### Work request:
Report every line of the data where the string "face" appears.

### Supplied entries:
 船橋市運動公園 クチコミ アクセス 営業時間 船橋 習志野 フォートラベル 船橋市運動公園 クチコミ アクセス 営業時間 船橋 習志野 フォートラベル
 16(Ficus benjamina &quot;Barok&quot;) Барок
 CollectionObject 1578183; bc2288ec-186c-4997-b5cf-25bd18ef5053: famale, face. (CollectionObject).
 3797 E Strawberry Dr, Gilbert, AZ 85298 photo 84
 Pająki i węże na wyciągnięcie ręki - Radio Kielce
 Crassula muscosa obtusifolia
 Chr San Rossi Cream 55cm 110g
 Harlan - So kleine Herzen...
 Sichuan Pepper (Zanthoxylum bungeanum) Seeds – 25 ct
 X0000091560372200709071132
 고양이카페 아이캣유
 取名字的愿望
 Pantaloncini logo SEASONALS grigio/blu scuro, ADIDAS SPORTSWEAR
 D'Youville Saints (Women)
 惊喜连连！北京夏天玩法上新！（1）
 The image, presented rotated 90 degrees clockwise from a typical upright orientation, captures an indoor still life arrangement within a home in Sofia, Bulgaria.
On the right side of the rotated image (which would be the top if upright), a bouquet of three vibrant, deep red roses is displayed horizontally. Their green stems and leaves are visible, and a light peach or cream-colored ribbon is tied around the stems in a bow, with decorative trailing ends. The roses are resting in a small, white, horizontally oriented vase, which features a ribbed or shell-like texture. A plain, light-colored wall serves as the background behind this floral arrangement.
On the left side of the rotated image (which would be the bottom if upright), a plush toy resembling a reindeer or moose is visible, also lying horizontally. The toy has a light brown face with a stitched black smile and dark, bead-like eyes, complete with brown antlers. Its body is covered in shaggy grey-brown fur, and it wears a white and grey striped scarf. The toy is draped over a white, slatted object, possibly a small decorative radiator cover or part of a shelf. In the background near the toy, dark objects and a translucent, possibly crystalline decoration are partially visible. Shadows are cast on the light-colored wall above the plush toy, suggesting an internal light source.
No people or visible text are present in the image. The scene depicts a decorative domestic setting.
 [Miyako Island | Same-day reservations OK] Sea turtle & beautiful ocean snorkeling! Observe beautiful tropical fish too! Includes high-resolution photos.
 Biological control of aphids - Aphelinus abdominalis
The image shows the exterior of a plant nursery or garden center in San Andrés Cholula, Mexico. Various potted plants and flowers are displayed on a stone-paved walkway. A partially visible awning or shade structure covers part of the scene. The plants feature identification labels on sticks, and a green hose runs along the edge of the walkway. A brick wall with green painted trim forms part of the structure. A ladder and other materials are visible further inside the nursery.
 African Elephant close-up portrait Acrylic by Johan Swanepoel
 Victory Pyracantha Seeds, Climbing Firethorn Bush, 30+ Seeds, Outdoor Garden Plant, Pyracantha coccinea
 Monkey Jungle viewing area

### Completed exercise:
 CollectionObject 1578183; bc2288ec-186c-4997-b5cf-25bd18ef5053: famale, face. (CollectionObject).
On the left side of the rotated image (which would be the bottom if upright), a plush toy resembling a reindeer or moose is visible, also lying horizontally. The toy has a light brown face with a stitched black smile and dark, bead-like eyes, complete with brown antlers. Its body is covered in shaggy grey-brown fur, and it wears a white and grey striped scarf. The toy is draped over a white, slatted object, possibly a small decorative radiator cover or part of a shelf. In the background near the toy, dark objects and a translucent, possibly crystalline decoration are partially visible. Shadows are cast on the light-colored wall above the plush toy, suggesting an internal light source.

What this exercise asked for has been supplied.